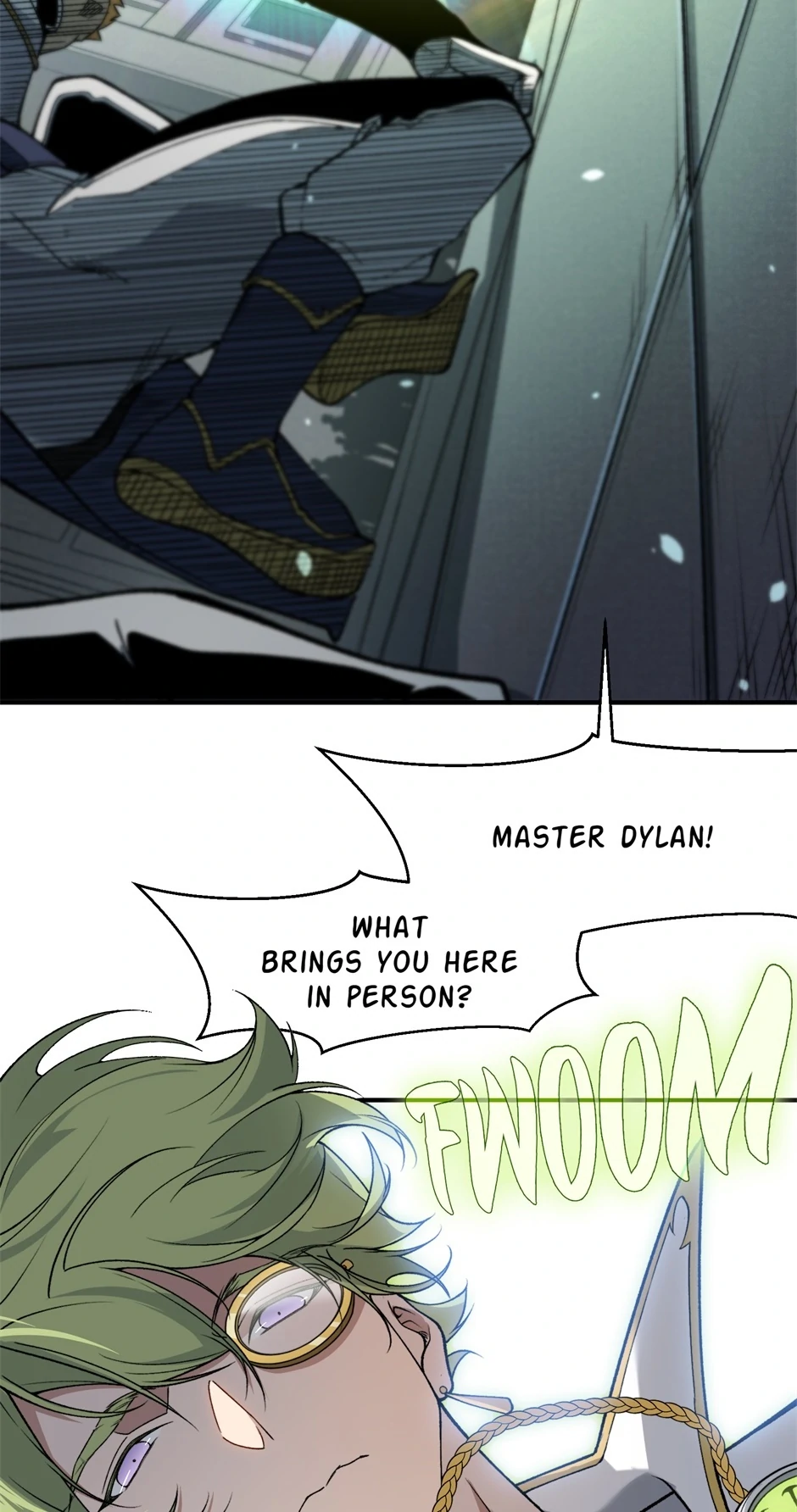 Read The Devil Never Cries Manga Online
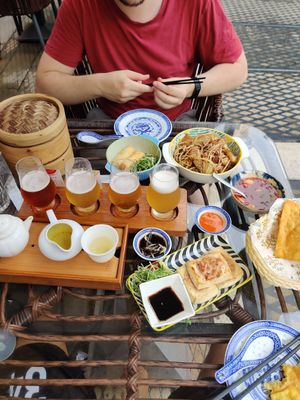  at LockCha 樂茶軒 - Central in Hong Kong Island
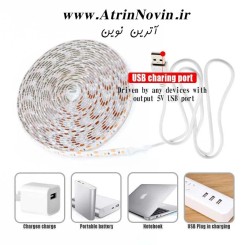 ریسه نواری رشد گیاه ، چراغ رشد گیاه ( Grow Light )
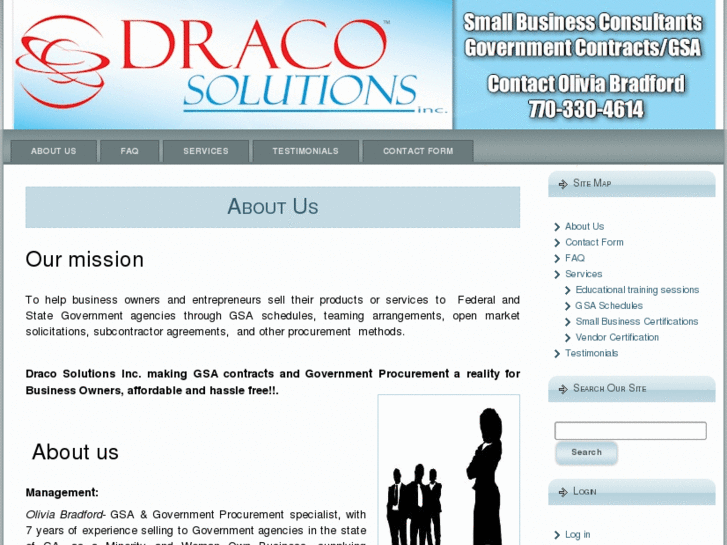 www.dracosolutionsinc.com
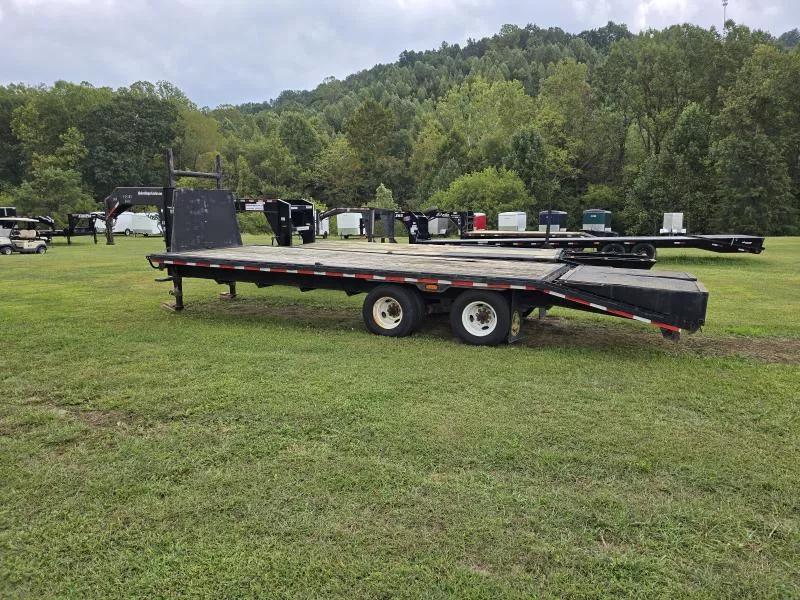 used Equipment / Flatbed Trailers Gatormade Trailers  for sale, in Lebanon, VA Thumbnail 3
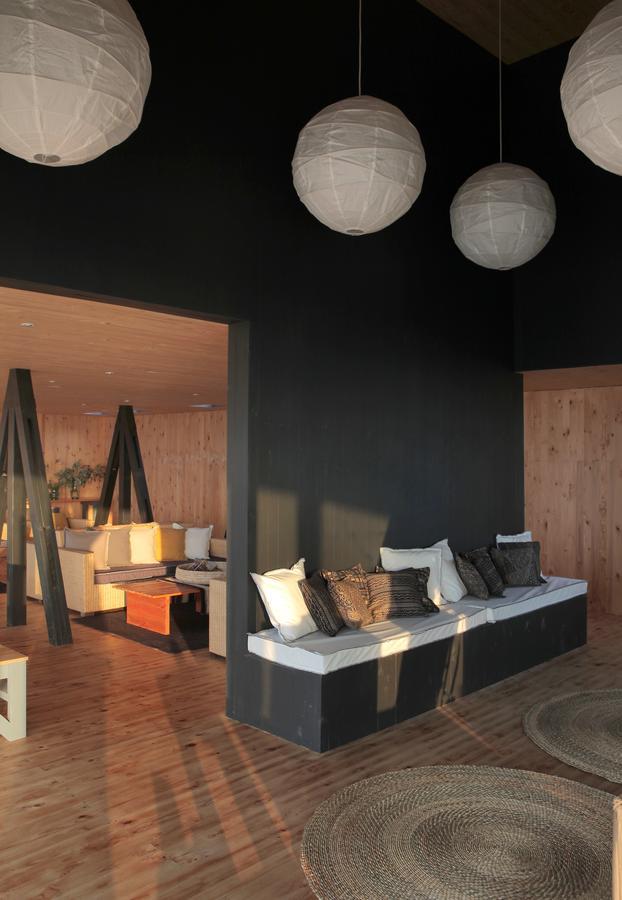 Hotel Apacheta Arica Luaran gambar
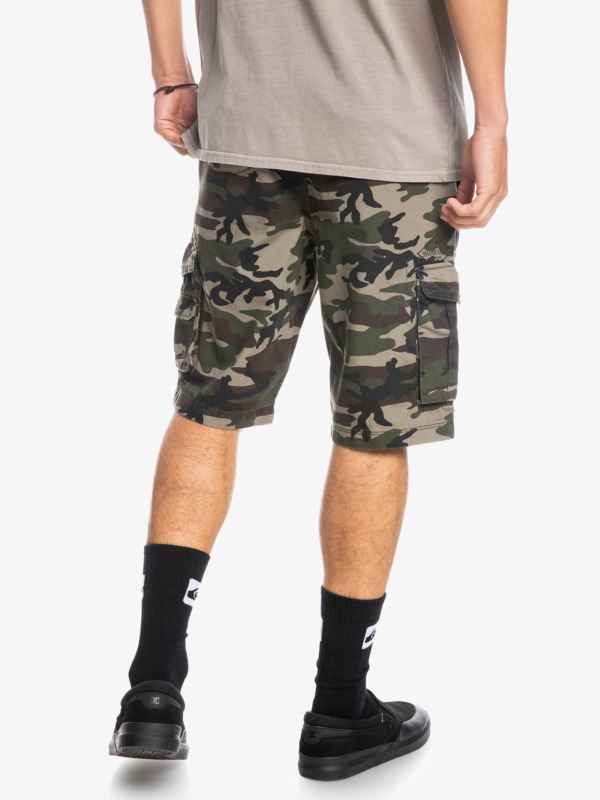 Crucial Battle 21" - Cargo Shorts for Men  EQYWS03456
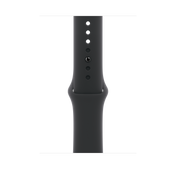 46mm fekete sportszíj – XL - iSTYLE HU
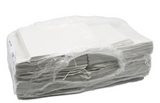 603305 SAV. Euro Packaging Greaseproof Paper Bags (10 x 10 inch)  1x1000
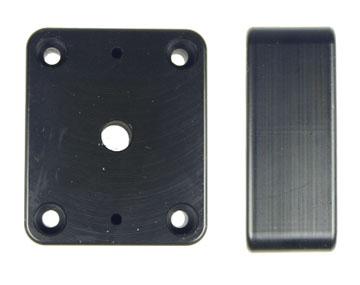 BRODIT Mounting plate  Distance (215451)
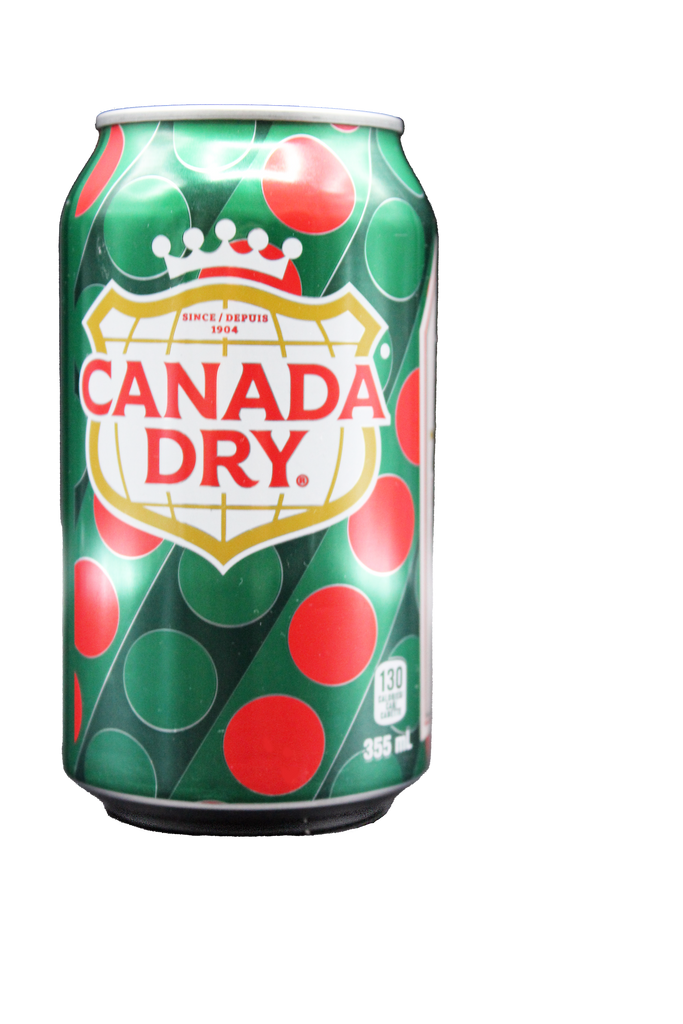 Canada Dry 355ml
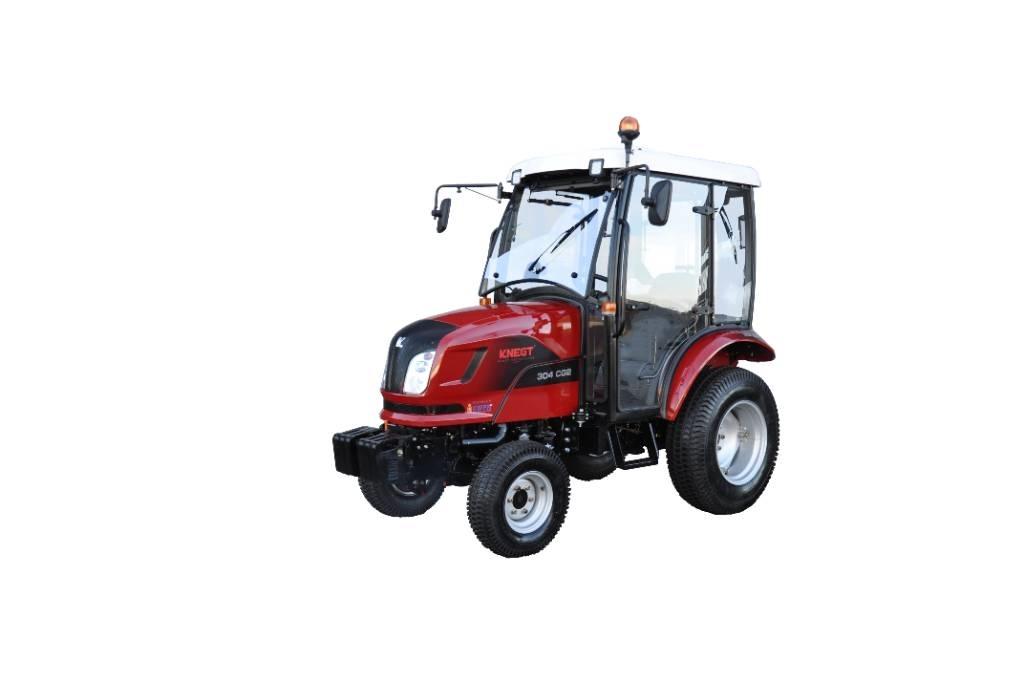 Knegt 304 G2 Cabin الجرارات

■ WORK REQUIRED
Starting at the line that contains "used Equipment /" and ending at the final line of the data, reproduce each line exactly. Pictures stay out of the copy.

■ ANSWER TO THIS EXERCISE
 used Equipment / Flatbed Trailers Gatormade Trailers  for sale, in Lebanon, VA Thumbnail 3
 Hotel Apacheta Arica Luaran gambar
 Crucial Battle 21" - Cargo Shorts for Men  EQYWS03456
 46mm fekete sportszíj – XL - iSTYLE HU
 603305 SAV. Euro Packaging Greaseproof Paper Bags (10 x 10 inch)  1x1000
 BRODIT Mounting plate  Distance (215451)
 Canada Dry 355ml
 Knegt 304 G2 Cabin الجرارات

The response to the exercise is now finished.